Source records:
____

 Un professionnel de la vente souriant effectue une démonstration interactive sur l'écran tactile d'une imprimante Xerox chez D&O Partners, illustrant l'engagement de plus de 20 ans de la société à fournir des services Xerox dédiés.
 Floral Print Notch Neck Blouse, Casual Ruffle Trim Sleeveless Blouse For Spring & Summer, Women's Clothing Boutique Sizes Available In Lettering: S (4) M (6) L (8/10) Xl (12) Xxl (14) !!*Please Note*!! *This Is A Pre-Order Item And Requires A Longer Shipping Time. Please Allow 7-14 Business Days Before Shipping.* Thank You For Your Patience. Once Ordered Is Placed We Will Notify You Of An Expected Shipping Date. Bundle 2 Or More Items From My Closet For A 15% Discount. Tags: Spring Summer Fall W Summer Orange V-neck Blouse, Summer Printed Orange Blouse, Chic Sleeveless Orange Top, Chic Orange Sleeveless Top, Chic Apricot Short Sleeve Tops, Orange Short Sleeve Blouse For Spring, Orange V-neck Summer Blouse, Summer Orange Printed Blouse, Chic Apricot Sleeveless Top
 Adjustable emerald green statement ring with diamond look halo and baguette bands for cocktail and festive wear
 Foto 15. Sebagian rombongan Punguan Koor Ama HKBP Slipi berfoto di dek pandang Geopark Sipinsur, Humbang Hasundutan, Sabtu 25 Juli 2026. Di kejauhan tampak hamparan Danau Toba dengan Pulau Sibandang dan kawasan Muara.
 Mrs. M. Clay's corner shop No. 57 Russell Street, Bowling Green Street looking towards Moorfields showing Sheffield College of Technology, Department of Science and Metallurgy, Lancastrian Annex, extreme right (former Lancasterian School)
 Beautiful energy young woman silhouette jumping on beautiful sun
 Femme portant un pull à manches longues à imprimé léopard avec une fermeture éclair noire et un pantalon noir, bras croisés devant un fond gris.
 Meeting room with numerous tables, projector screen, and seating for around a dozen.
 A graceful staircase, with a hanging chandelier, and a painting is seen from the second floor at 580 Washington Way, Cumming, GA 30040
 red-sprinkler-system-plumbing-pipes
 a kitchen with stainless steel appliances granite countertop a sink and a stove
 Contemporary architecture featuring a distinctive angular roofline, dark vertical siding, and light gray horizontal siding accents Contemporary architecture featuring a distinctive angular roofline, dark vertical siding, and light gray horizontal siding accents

____

EXERCISE INSTRUCTIONS —
When the word "with" shows up in a line of the entries, pull that line out.

EXERCISE OUTPUT —
 Adjustable emerald green statement ring with diamond look halo and baguette bands for cocktail and festive wear
 Meeting room with numerous tables, projector screen, and seating for around a dozen.
 A graceful staircase, with a hanging chandelier, and a painting is seen from the second floor at 580 Washington Way, Cumming, GA 30040
 a kitchen with stainless steel appliances granite countertop a sink and a stove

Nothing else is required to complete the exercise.